ASSIGNMENT:
When you reach the line that contains "Украшение для окон", begin copying exactly and continue through the last line below. Do not copy pictures.

DATA UNDER STUDY:
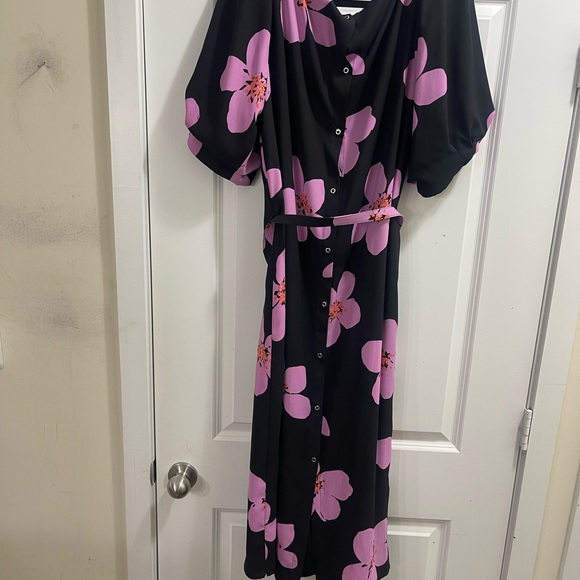 NWT- Kate Spade Black Dress with Pink Floral Design - Picture 8 of 12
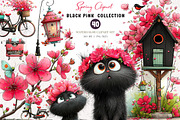 Black Pink Spring Clipart, an Illustration by CreationArt (Thumbnail 1 of 7)
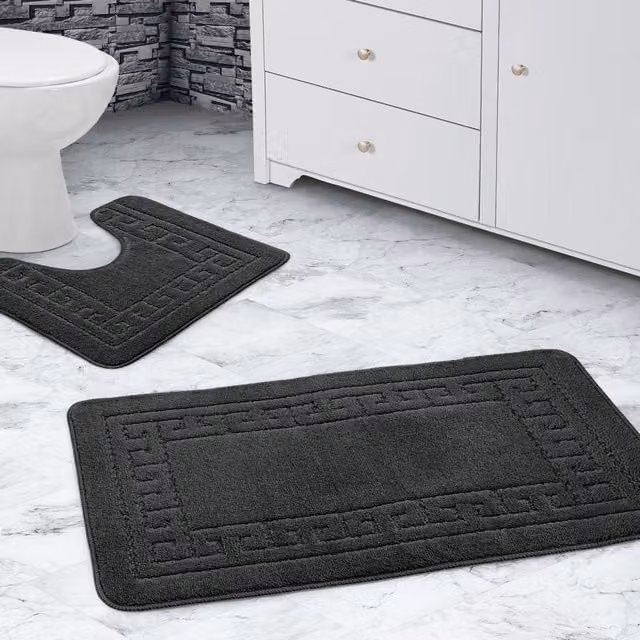 Velosso Greek Key Non-Slip Bathmat and WC Pedestal Mat Set in Charcoal Grey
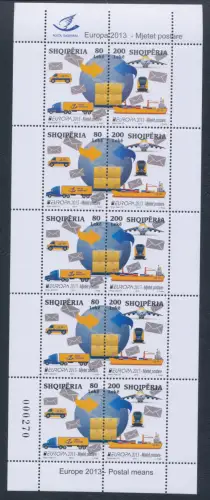 2013 EUROPA CEPT, Albanien, 1 Kleinbogen mit 5 Paaren, Postfahrzeuge, postfrisch **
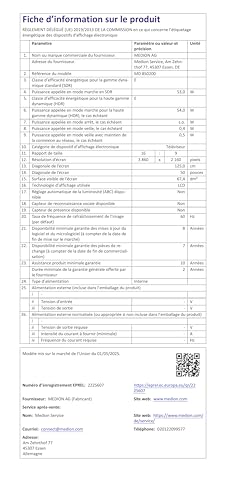 MEDION 125,7 cm (50 Zoll) Ultra HD Fernseher (Smart-TV, HDR10, VIDAA Store, Netflix, Prime Video, Disney+, DAZN, Paramount+, HbbTV, PVR, Bluetooth, MD 850200)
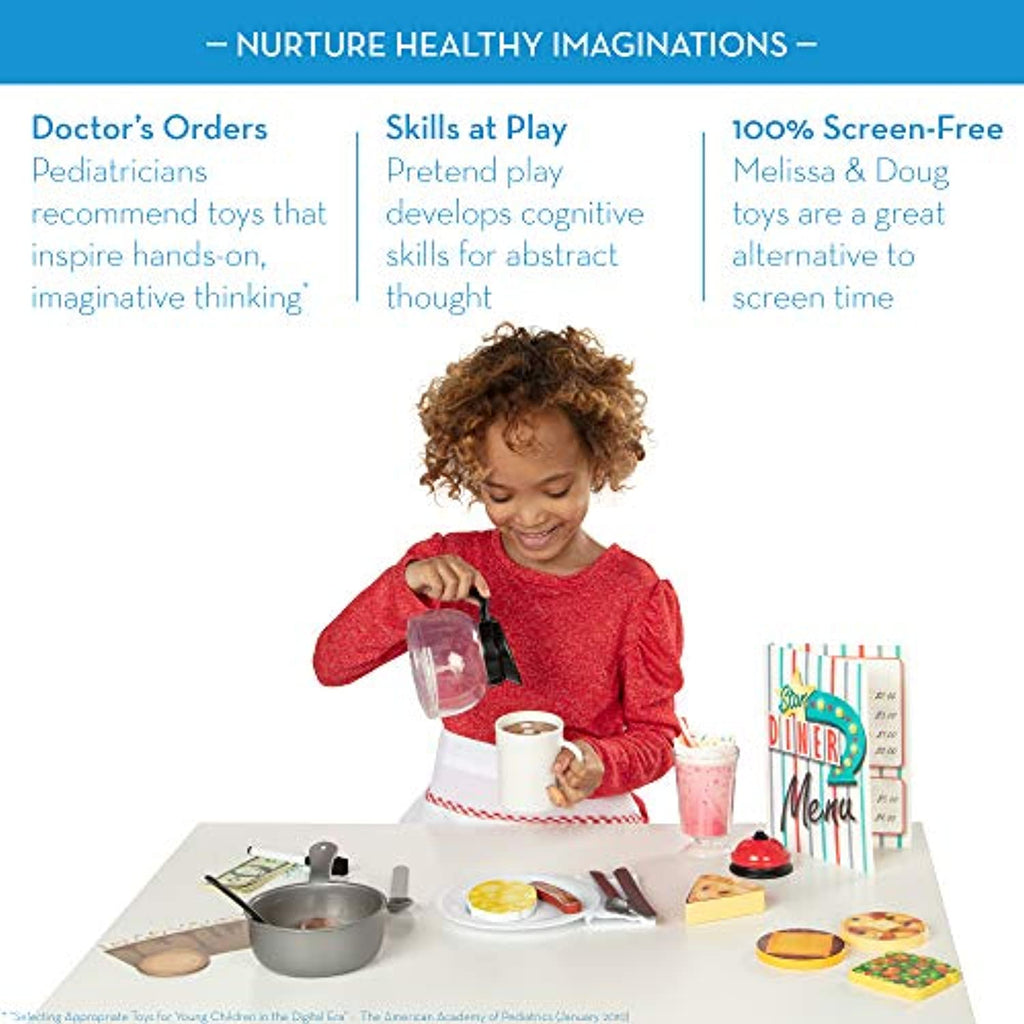 Melissa & Doug Star Diner Restaurant Play Set (Toy Diner Set, 41 Pieces, Great Gift for Girls and Boys - Best for 3, 4, 5 Year Olds and Up)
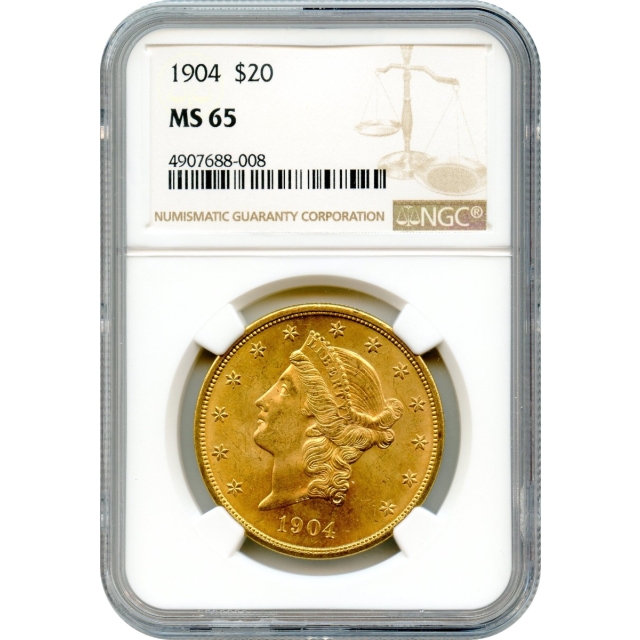 1904 $20 Liberty Head Double Eagle NGC MS65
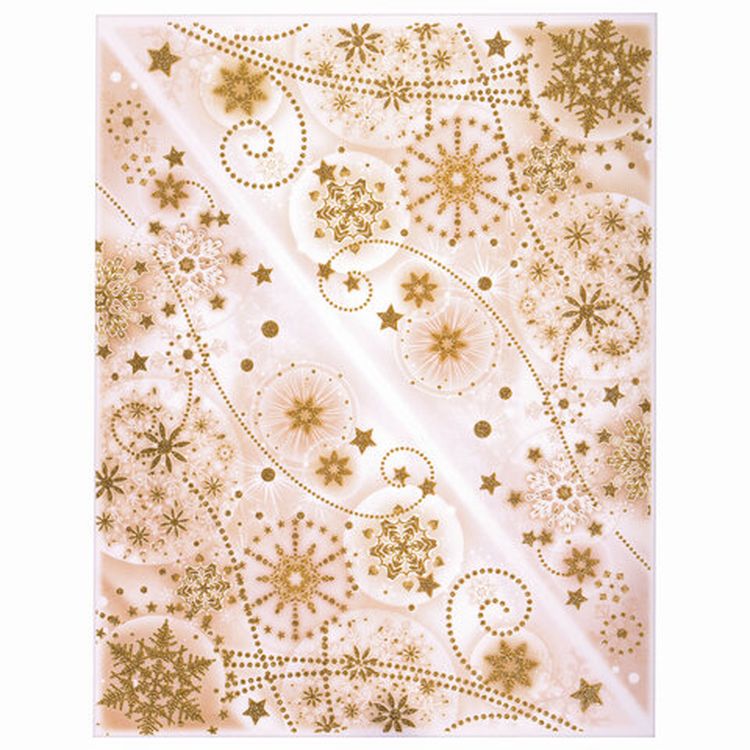 Украшение для окон и стекла «Узоры из золотых снежинок 3» — картинка 2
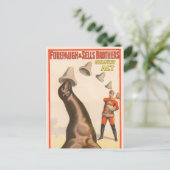 アシカが帽子を取るサーカスのポスター ポストカード (スタンド正面)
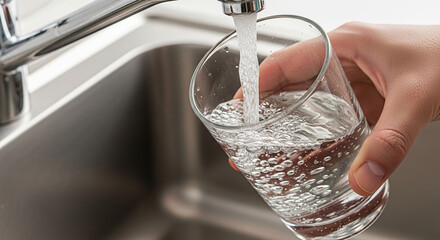 Close-up of hand filling glass with water from tap, showcasing hydration and freshness concept.  Clean and simple image, ideal for health or lifestyle themes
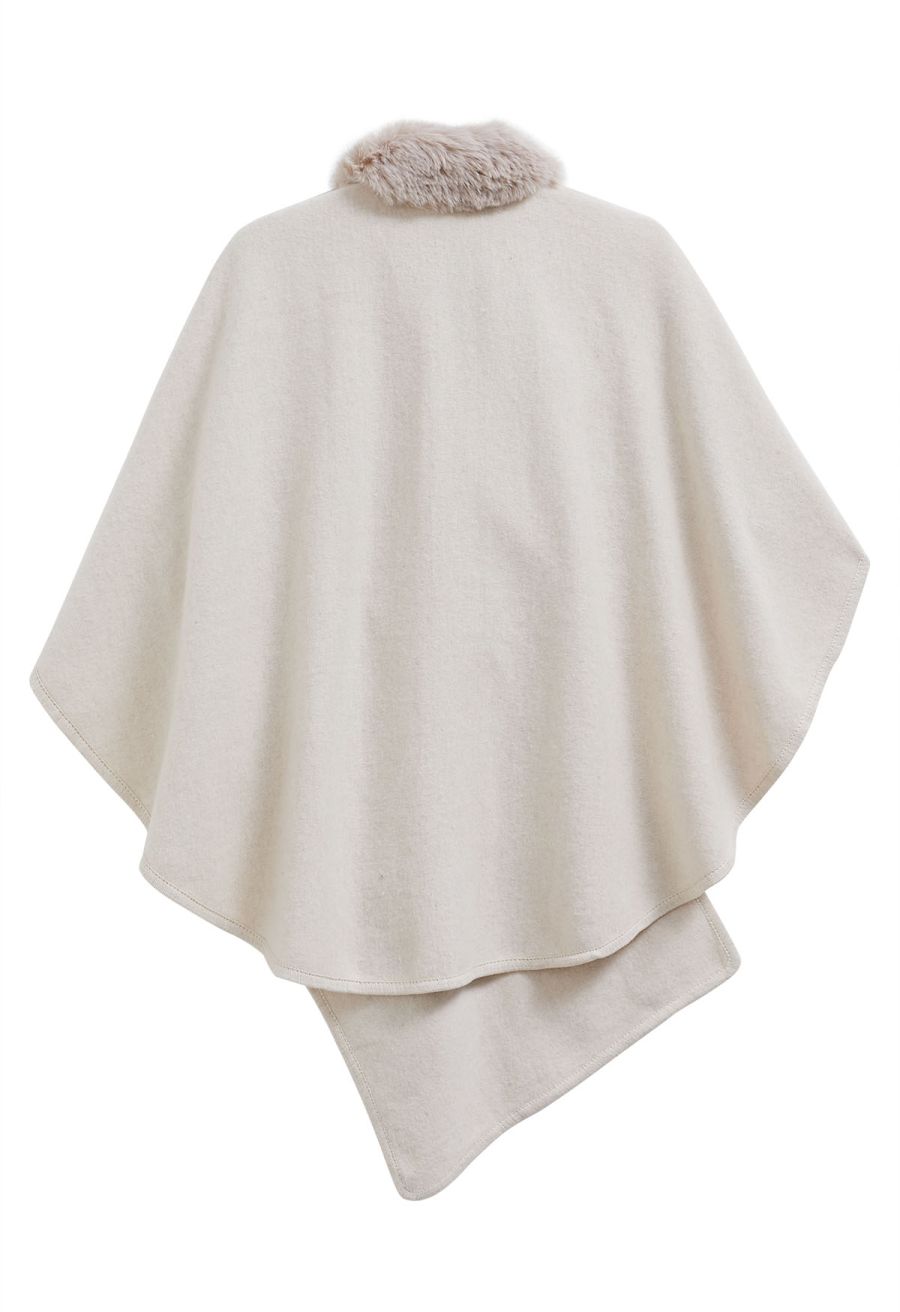 Faux Fur Collar Reversible Poncho in Ivory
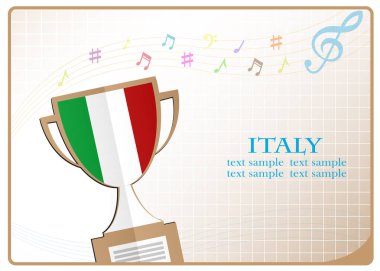 İtalya bayrağı yapılan trophy Kupası logosu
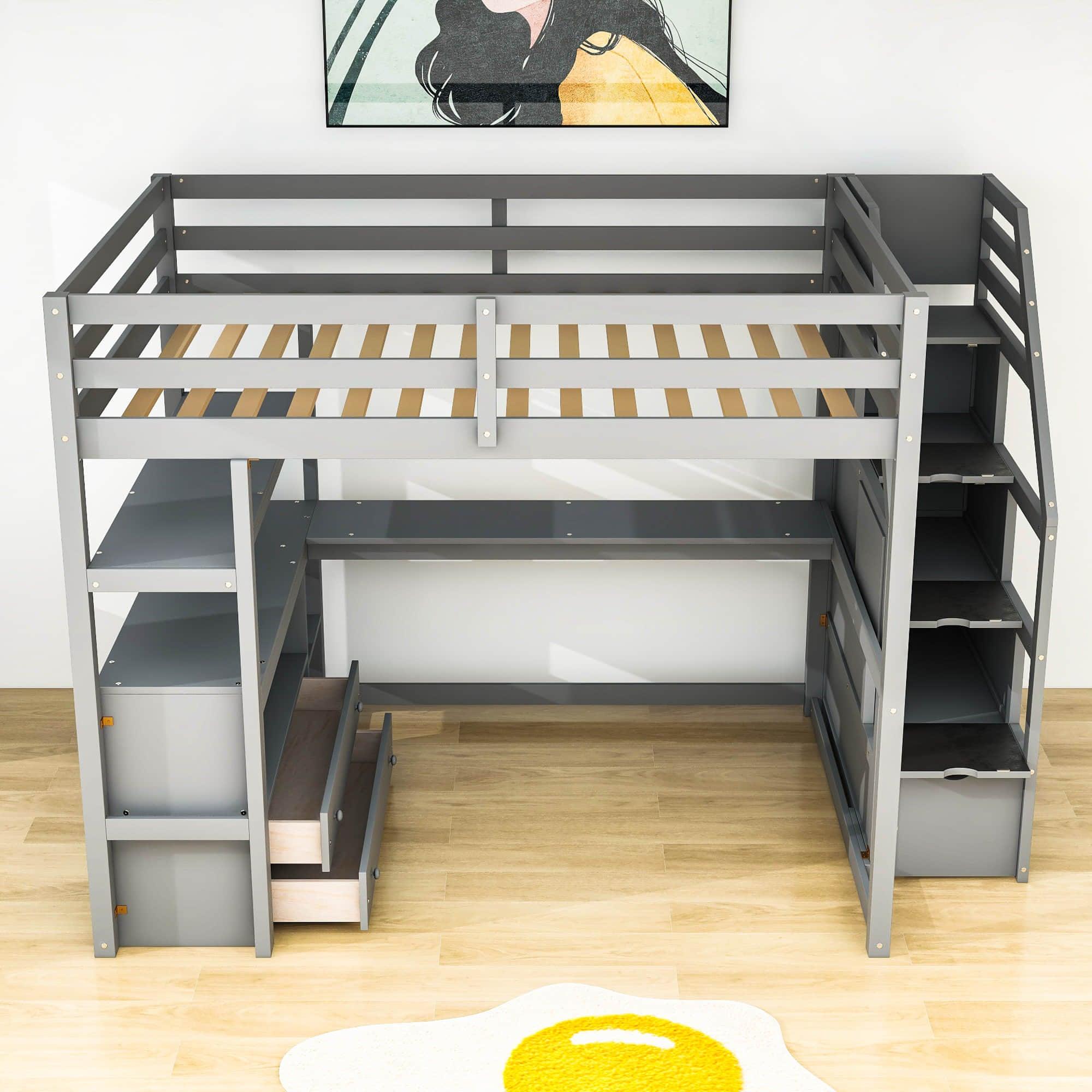 Full Loft Bed with Desk and Stairs, Storage for Kids, Adults - [Wooden]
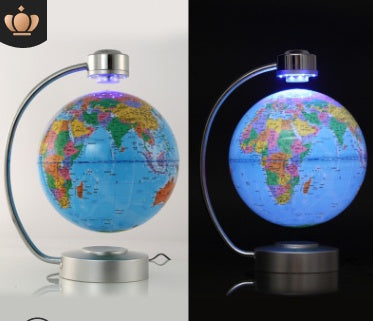 8 inch globe magnetic suspension office decoration company gift novelty creative birthday gift Blue glow 8 inches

RESULT OF THIS EXERCISE:
 Украшение для окон и стекла «Узоры из золотых снежинок 3» — картинка 2
 アシカが帽子を取るサーカスのポスター ポストカード (スタンド正面)
 Close-up of hand filling glass with water from tap, showcasing hydration and freshness concept.  Clean and simple image, ideal for health or lifestyle themes
 Faux Fur Collar Reversible Poncho in Ivory
 İtalya bayrağı yapılan trophy Kupası logosu
 Full Loft Bed with Desk and Stairs, Storage for Kids, Adults - [Wooden]
 8 inch globe magnetic suspension office decoration company gift novelty creative birthday gift Blue glow 8 inches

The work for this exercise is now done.